Gülenist suspects to wear ‘single-type’ brown uniforms in Turkish courts

Gülenist suspects to wear ‘single-type’ brown uniforms in Turkish courts

Gülenist suspects to wear ‘single-type’ brown uniforms in Turkish courts

AA photo

All suspected members of the Fethullahist Terrorist Organization (FETÖ) under arrest will have to wear “single-type” brown uniforms during court appearances, according to a change planned by the Justice Ministry, state-run Anadolu Agency reported on Aug. 4.

The move to make all FETÖ suspects wear the same clothes in court came after a suspect stirred debate by appearing before a judge last month wearing a t-shirt that read “hero.” A number of other people were then detained by police across Turkey for wearing t-shirts with the “hero” design.

President Recep Tayyip Erdoğan subsequently blasted the suspect and suggested “uniform attire” for all FETÖ suspects.

Anadolu Agency reported that the Justice Ministry has launched efforts to prevent any similar “hero” incidents taking place, prompting textile engineers and prison textile workshop heads to be invited for meetings at the ministry. 

Several suggestions were made in the meetings, including making suspects wear jumpsuits with zippers on the front.

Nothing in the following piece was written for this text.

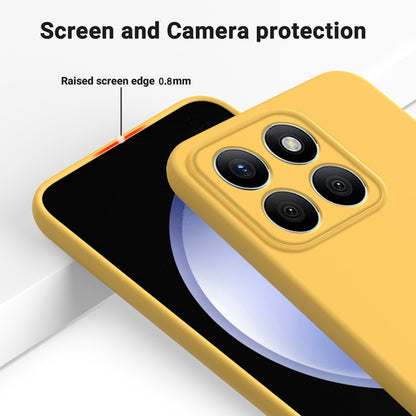 For Honor X8b Pure Color Liquid Silicone Shockproof Phone Case(Yellow) - Honor Cases by buy2fix | Online Shopping UK | buy2fix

The authorities ultimately agreed on shirts and trousers with “dried almond color,” using alpaca fabric in order for the uniforms to suit Turkey’s climatic conditions. 

The uniforms will reportedly be sewn in prison workshops determined by the authorities. The sewing process has already started in two prisons in the northwestern provinces of Bursa and Balıkesir as part of the testing period. 

Justice Minister Abdülhamit Gül said on Aug. 4 that efforts were ongoing. If the regulations are adopted, nearly 50,000 clothes will be sewn by inmates and then sent to prisons holding the suspects of cases into followers of the U.S.-based Islamic preacher Fethullah Gülen. 

Meanwhile, the Board of Judges and Prosecutors (HSK) has decided for the establishment of eight new terror courts as part of the struggle against FETÖ, widely believed to have been behind the failed July 2016 coup attempt. 

The HSK’s move came in response to the huge burden on already existing courts due to the tens of thousands of FETÖ suspects facing trial. 

Heavy penal courts will be set up in Istanbul, Ankara and the western province of İzmir, with six of them in Istanbul. 

The HSK has also appointed a second court board to the Ankara Fourth Heavy Penal Court in order for it to deal with two cases at the same time. The court is already responsible for the case into activities at the Akıncı Air Base, used by the coup-plotters as a headquarters on July 15, 2016. 

In the latest wave of anti-FETÖ police raids, an operation was launched in 20 provinces against 59 people from the Science, Industry and Technology Ministry, 50 of whom are former employees on Aug. 4. 

Those sought are reportedly users of the smartphone application ByLock, used almost exclusively by Gülenists to communicate. 

According to the Ankara Chief Public Prosecutor’s Office, 50 of the suspects were previously dismissed or suspended from their posts in state of emergency decrees.

Elsewhere, 40 detention warrants were issued in the case into the leaking of the questions of the Police Academy Entrance Exam in 2012. 

Some 24 of the suspects were detained in Ankara, Istanbul, İzmir, the Central Anatolian province of Eskişehir and the northwestern province of Kocaeli on Aug. 4. 

All of the suspects were previously dismissed or suspended with emergency decrees.